En rachetant pour 210 millions de dollars le distributeur allemand de la suite Linux Suse, le spécialiste de l’administration de réseaux Novell franchit une nouvelle étape dans sa stratégie de ralliement à la dynamique Linux (voir édition du 16 avril 2003). La première étape a été de désolidariser ses services réseaux de son système d’exploitation, Netware, et de réaliser le portage sous Linux de ses principaux outils de partage de fichiers, de gestion d’impression, de messagerie et de travail collaboratif, d’annuaire et d’administration de réseaux. La deuxième étape a été l’acquisition cet été de Ximian, qui lui apportait, entre autres, une interface graphique et un logiciel d’administration des parcs de postes de travail et serveurs sous Linux (voir édition du 4 août 2003). Quant à la troisième étape, elle consiste fort logiquement à se doter d’une suite Linux, ce qui est chose faite avec l’acquisition de Suse. Le résultat est que Novell est désormais le groupe informatique disposant du plus large éventail d’outils relatifs au système libre, du poste de travail au serveur. Il se pose en concurrent, en premier lieu, de Red Hat, premier distributeur Linux, mais également de Microsoft qui est à l’origine du déclin de Novell. Rappelons en effet que Novell avait, avec NetWare, acquis la première place dans les systèmes d’exploitation pour réseaux d’entreprise, avant de perdre du terrain dans les années 90 face à Windows NT.

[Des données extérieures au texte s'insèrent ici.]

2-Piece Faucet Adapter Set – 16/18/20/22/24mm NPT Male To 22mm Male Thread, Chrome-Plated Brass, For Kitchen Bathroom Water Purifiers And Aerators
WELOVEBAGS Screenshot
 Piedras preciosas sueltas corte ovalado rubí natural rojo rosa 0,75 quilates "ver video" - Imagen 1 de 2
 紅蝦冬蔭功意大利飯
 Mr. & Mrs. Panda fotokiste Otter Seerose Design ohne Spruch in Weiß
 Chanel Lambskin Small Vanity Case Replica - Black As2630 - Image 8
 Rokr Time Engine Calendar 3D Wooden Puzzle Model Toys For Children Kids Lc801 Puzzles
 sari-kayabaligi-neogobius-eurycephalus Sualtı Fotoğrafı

A la recherche du bon modèle économique
Une période d’errements stratégiques s’est ensuivie avant le ralliement à Linux. Pour autant, Novell n’est pas tiré d’affaire. Il lui faudra tout d’abord intégrer en un tout cohérent les divers produits issus de ses acquisitions, puis réussir là où Suse a partiellement échoué, à savoir élaborer un modèle économique rentable autour d’un produit gratuit. Classiquement, le modèle économique des distributeurs de suites Linux repose sur la vente d’outils complémentaires au système d’exploitation et de services associés. Or, si Suse, qui réalise un chiffre d’affaires annuel de l’ordre de 30 millions de dollars, s’est fait racheter par Novell, dont le chiffre d’affaires annuel dépasse un milliard de dollars, c’est précisément parce qu’il manquait de ressources financières pour poursuivre seul son développement. Il n’y a guère que Red Hat qui semble bon an mal an tirer son épingle du jeu (voir édition du 19 septembre 2003). Pour ce qui est de Suse, la fusion avec Novell change évidemment la donne, car ce dernier dispose à la fois d’une solide assise financière, d’un réseau de distribution, de partenaires et d’une base installée, certes en déclin, mais qui reste importante. Du coup, Suse accède au statut d’acteur d’envergure mondiale. Une promotion qui s’est faite, en outre, avec la bénédiction d’IBM puisque l’acquisition de Suse par Novell a été accompagnée d’un investissement concomitant de 50 millions de dollars d’IBM dans Novell. IBM, qui a développé une lucrative activité de vente de serveurs sous Linux, a en effet intérêt à ce qu’émergent des distributeurs puissants, susceptibles de rassurer les entreprises.